- Brief
Could you copy the records below exactly, keeping none of the images?

-- Opening Marker --

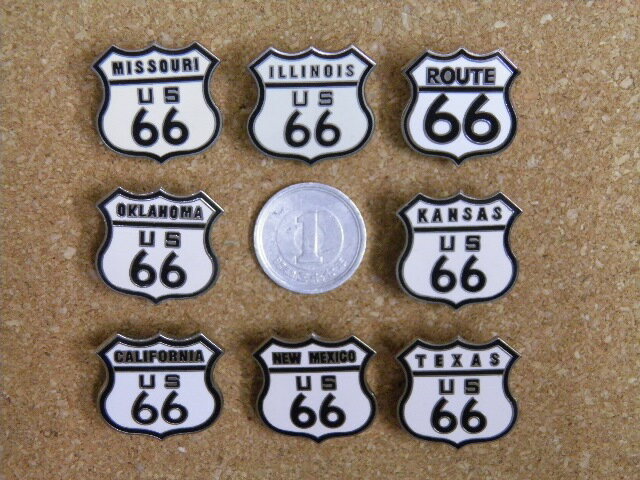 【メール便発送なら送料無料】Pins US Route 66　ピンズ　ルート66　ピンバッジ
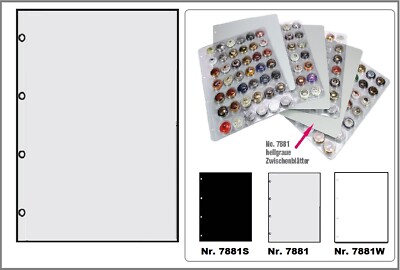 5 Look 17881 Hellgraue Zwischenblätter A4 für 17767 Kronkorken-Hüllen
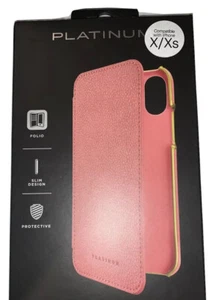 Funda Cartera Platino Folio para Apple iPhone X y XS 5.8 Rosa Profundo Nueva - Imagen 1 de 7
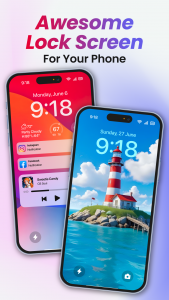 اسکرین شات 3 برنامه Lock Screen OS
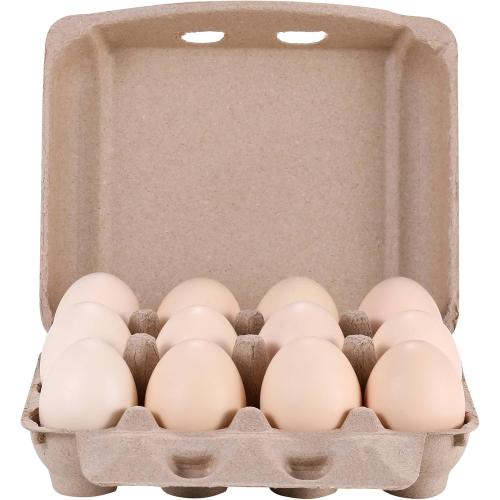50 PCS Vintage Egg Cartons, Natural Paper Pulp Square Dozen Egg Cartons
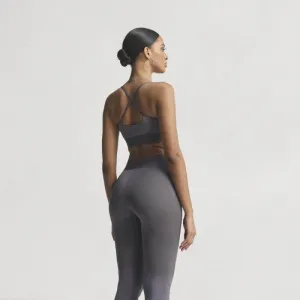 Dámska tréningová športová podprsenka ADIDAS HYG SHN BRALETT GRESTR GREY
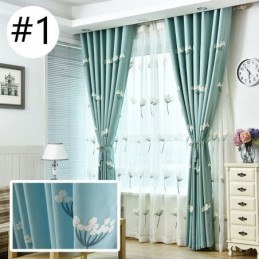 Nordisk Gardin Måttbeställd Gardin Minimalistisk Blombroderi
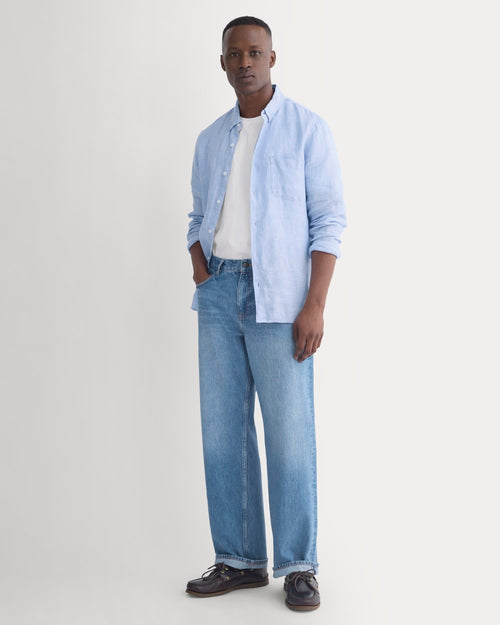 Relaxed Italian Selvedge Jean | Medium Indigo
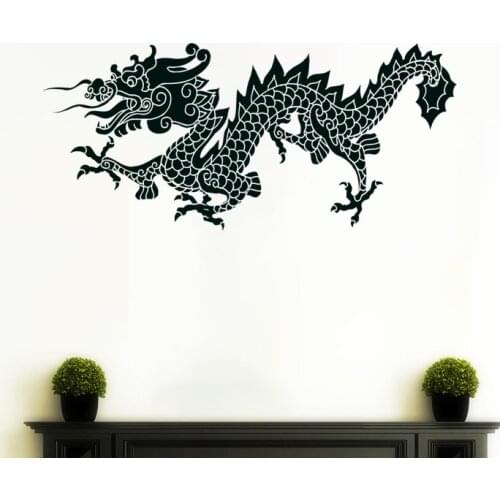 Three Ratels C551 Dragon Totem Wall Sticker Art For Bedroom Living Room Car Hood Sticker Laptop Decal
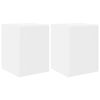 vidaXL TV Wall Cabinet 2 pcs White 30 x 31 x 40 cm Engineered Wood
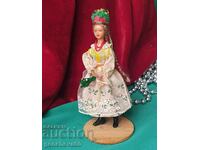 Retro Polish doll in folk costume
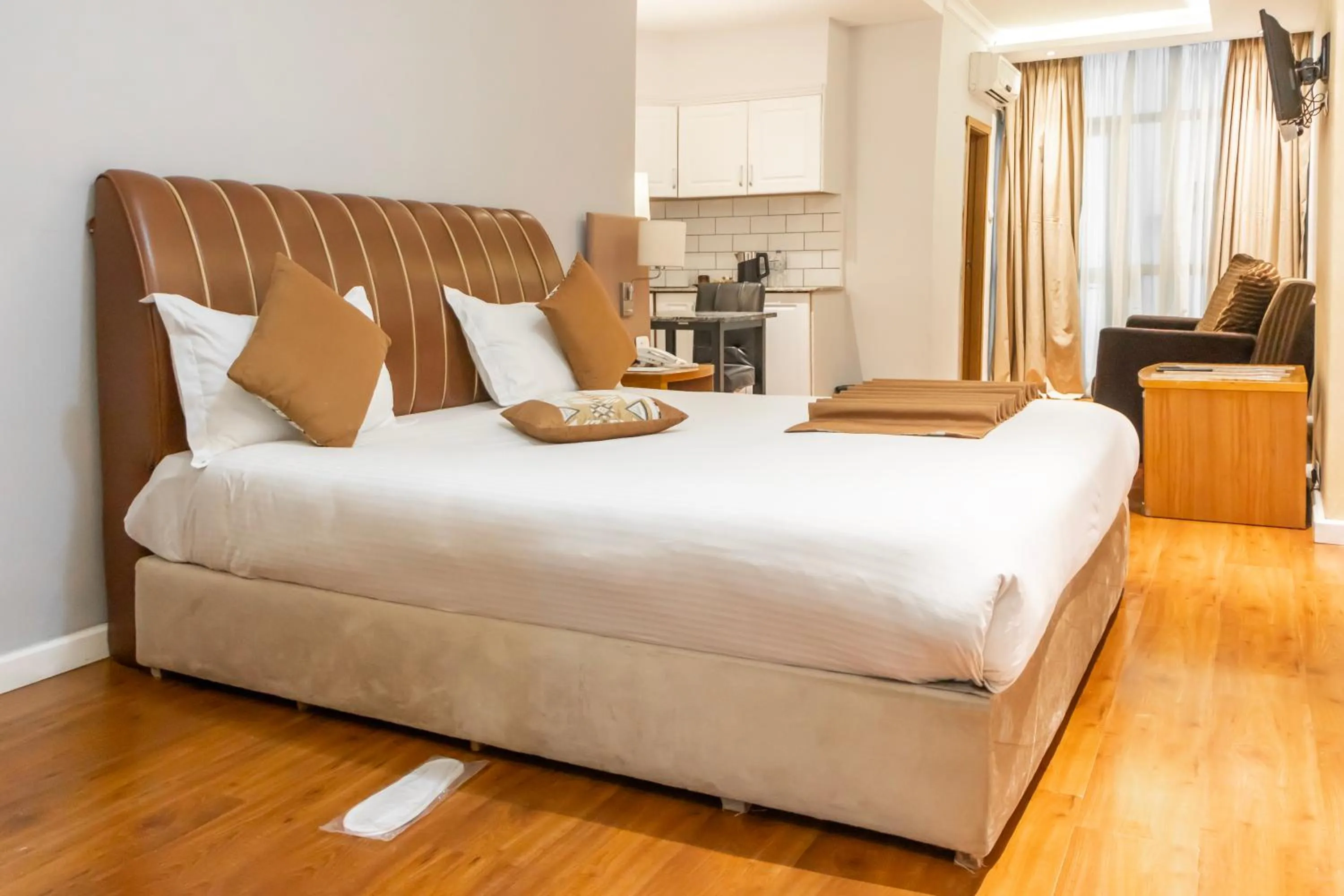 Bed in Bonanza Addis Hotel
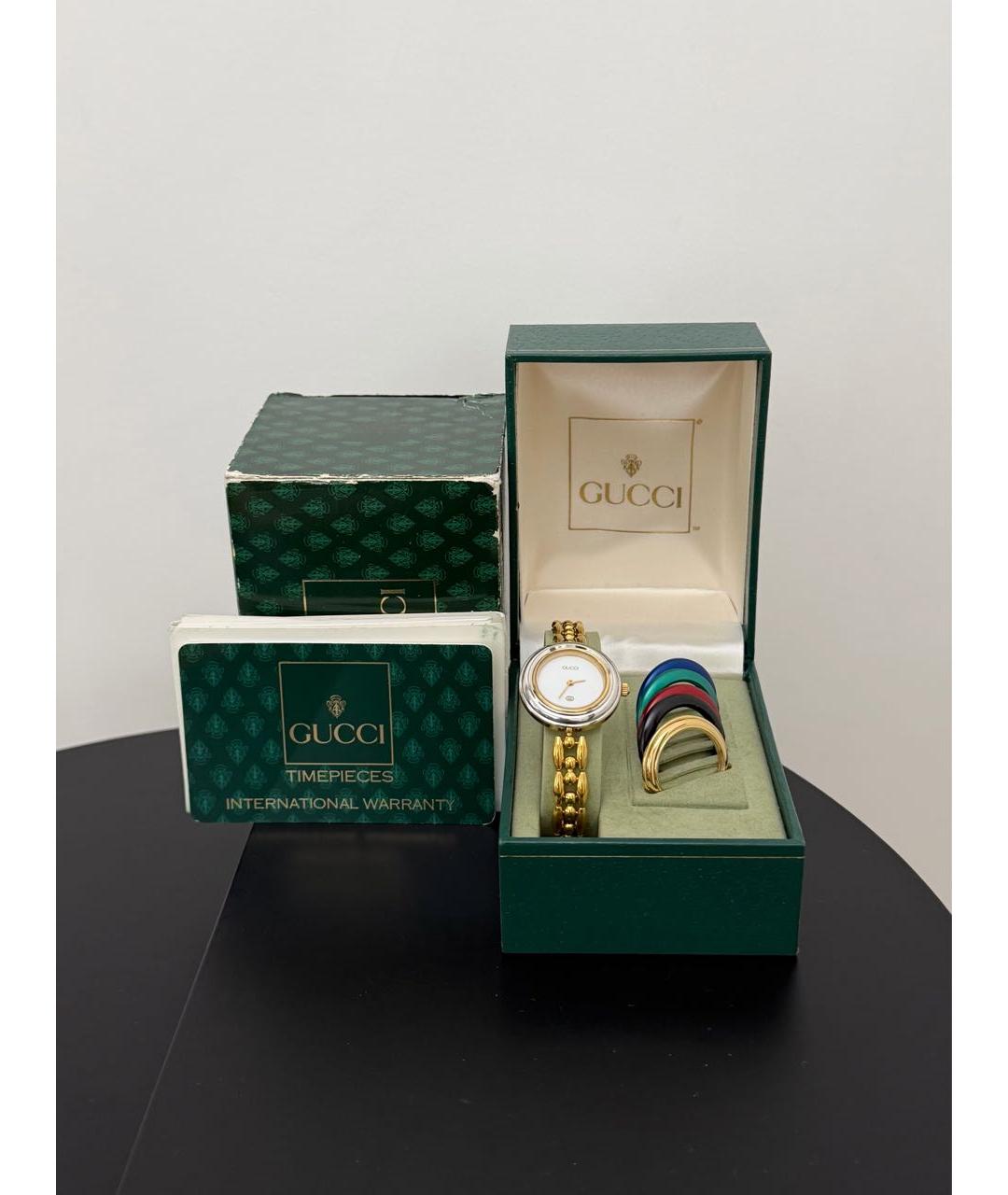 GUCCI Золотые часы, фото 2
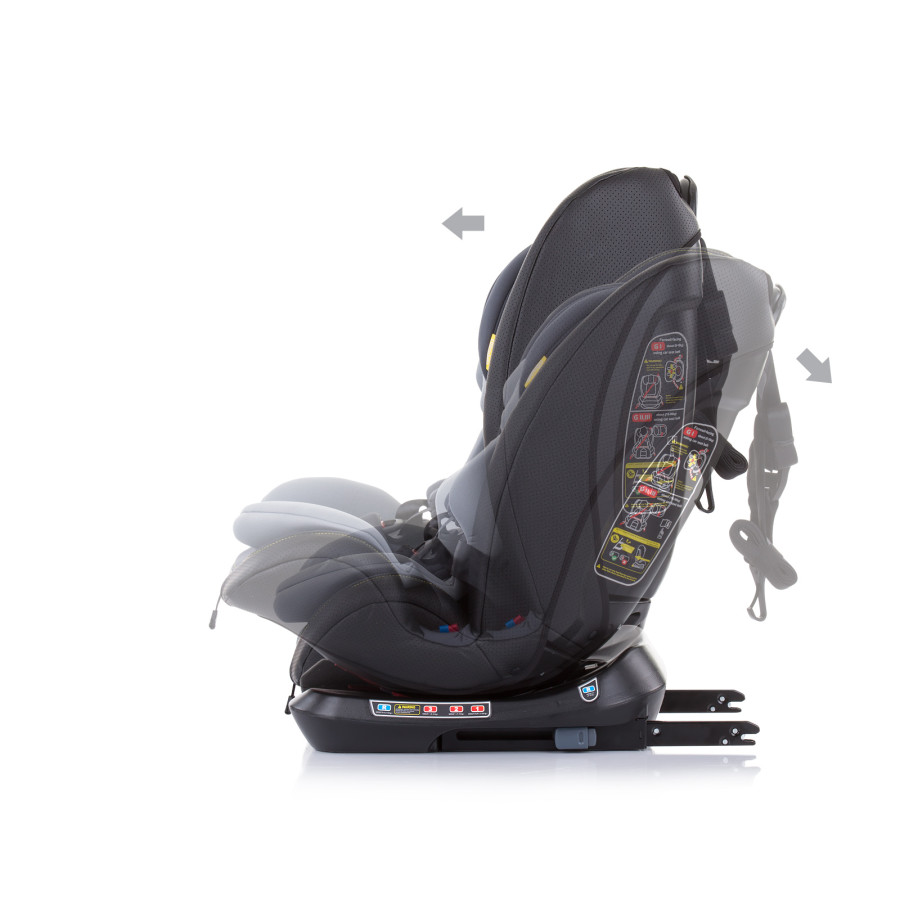 Столче за кола 360 Isofix 0-36 kg Техно асфалт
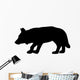 Crouched Hunting Wolf Wall Decal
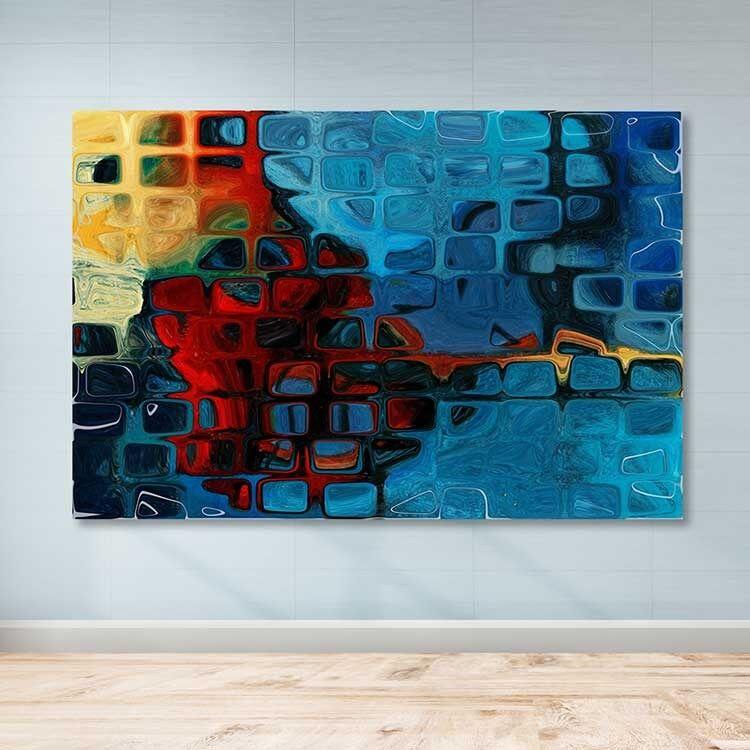 Wallity Сет Слики MDF3087162, 3 Дела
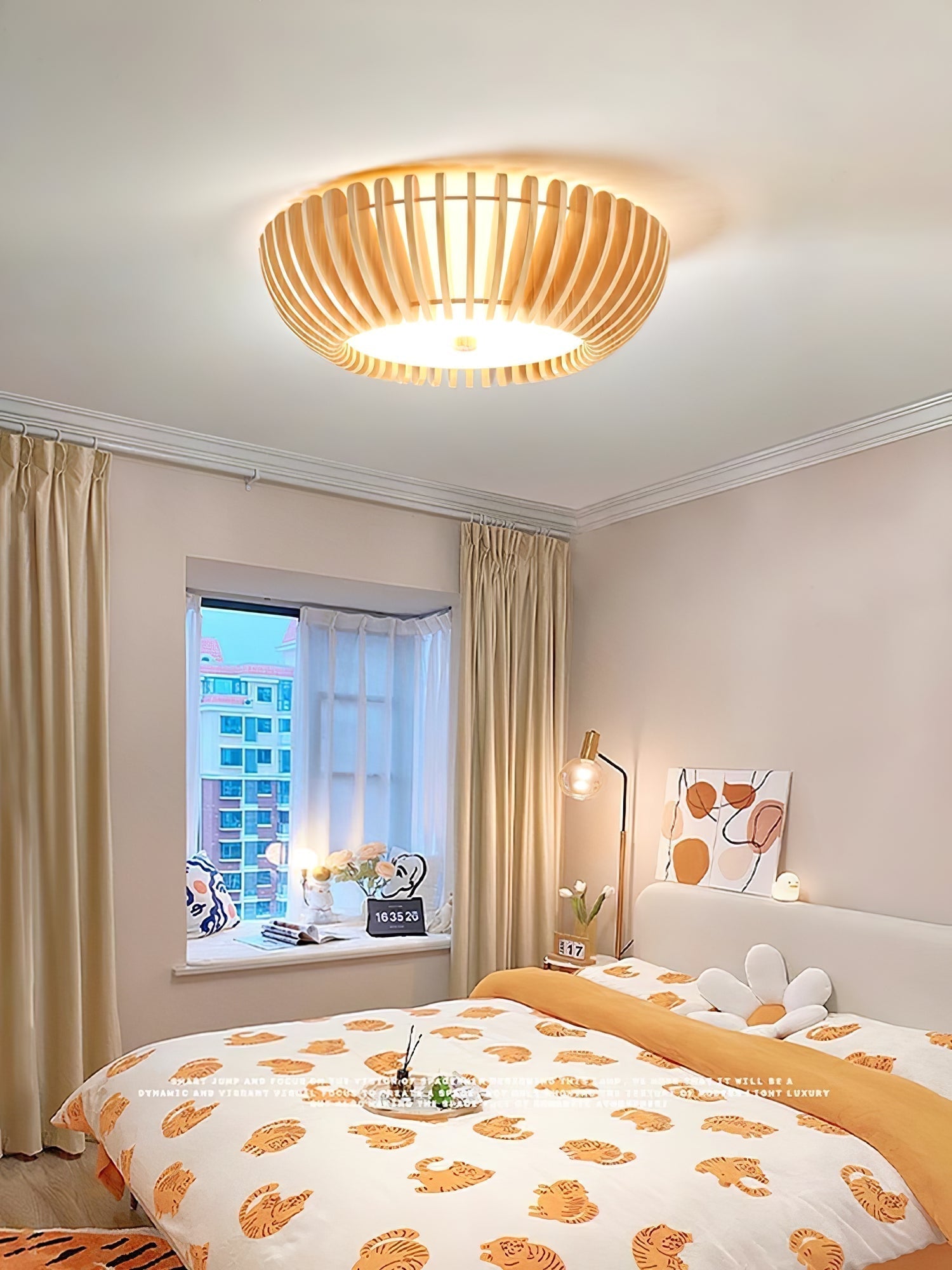 Vezorus Premium Eleganz Holz Deckenleuchte-Letslighting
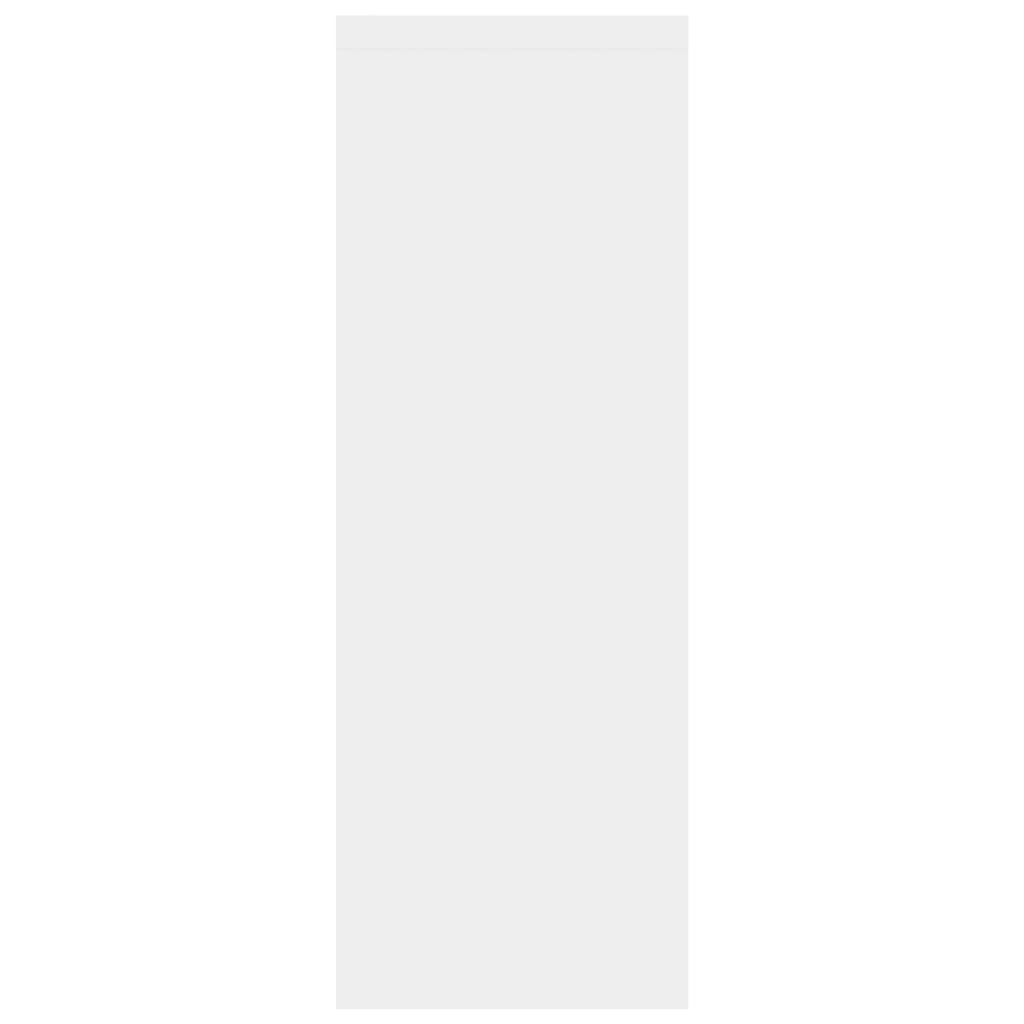 Стенен рафт, бял, 45,1x16x45,1 см, ПДЧ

-- Closing Marker --

- Problem solution
 【メール便発送なら送料無料】Pins US Route 66　ピンズ　ルート66　ピンバッジ
 5 Look 17881 Hellgraue Zwischenblätter A4 für 17767 Kronkorken-Hüllen
 Funda Cartera Platino Folio para Apple iPhone X y XS 5.8 Rosa Profundo Nueva - Imagen 1 de 7
 اسکرین شات 3 برنامه Lock Screen OS
50 PCS Vintage Egg Cartons, Natural Paper Pulp Square Dozen Egg Cartons
 Dámska tréningová športová podprsenka ADIDAS HYG SHN BRALETT GRESTR GREY
 Nordisk Gardin Måttbeställd Gardin Minimalistisk Blombroderi
 Relaxed Italian Selvedge Jean | Medium Indigo
 Three Ratels C551 Dragon Totem Wall Sticker Art For Bedroom Living Room Car Hood Sticker Laptop Decal
 vidaXL TV Wall Cabinet 2 pcs White 30 x 31 x 40 cm Engineered Wood
 Retro Polish doll in folk costume
 Bed in Bonanza Addis Hotel
 GUCCI Золотые часы, фото 2
 Столче за кола 360 Isofix 0-36 kg Техно асфалт
 Crouched Hunting Wolf Wall Decal
 Wallity Сет Слики MDF3087162, 3 Дела
 Vezorus Premium Eleganz Holz Deckenleuchte-Letslighting
 Стенен рафт, бял, 45,1x16x45,1 см, ПДЧ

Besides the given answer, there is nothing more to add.